What you should do: Return the following from the records below: each line, word for word, starting with the line that contains "Foto 3 de la" and going on through the line that contains "Blütenmuster in der", with nothing outside that range.

Supplied records:
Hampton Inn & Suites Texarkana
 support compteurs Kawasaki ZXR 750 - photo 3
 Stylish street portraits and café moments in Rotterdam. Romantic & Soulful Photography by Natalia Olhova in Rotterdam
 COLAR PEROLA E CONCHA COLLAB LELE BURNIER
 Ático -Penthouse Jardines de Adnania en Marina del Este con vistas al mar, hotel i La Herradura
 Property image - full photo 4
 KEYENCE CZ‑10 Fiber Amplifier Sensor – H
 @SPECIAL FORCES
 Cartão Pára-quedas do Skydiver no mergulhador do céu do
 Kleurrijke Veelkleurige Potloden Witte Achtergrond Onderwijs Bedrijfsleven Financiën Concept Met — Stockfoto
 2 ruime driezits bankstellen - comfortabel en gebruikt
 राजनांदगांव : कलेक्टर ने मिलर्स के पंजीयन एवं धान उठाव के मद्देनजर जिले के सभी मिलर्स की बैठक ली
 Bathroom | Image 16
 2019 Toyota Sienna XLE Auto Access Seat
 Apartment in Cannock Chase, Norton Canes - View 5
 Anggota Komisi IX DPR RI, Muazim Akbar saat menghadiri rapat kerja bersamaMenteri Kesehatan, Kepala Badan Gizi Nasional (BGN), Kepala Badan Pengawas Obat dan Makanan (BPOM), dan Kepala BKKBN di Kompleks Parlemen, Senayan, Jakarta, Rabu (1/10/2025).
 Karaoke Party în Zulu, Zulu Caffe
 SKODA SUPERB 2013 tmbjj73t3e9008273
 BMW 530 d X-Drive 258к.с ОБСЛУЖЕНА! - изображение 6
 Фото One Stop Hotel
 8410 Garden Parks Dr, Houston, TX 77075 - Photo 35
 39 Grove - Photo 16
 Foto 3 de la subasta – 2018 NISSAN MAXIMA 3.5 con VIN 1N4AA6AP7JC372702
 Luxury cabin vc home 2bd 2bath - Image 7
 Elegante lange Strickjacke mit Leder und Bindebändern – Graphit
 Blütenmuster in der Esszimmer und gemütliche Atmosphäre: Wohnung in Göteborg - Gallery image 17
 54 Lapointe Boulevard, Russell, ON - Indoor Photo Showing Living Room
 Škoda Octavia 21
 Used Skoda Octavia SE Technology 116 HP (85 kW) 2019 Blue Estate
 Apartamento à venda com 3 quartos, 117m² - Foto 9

Response to the task:
 Foto 3 de la subasta – 2018 NISSAN MAXIMA 3.5 con VIN 1N4AA6AP7JC372702
 Luxury cabin vc home 2bd 2bath - Image 7
 Elegante lange Strickjacke mit Leder und Bindebändern – Graphit
 Blütenmuster in der Esszimmer und gemütliche Atmosphäre: Wohnung in Göteborg - Gallery image 17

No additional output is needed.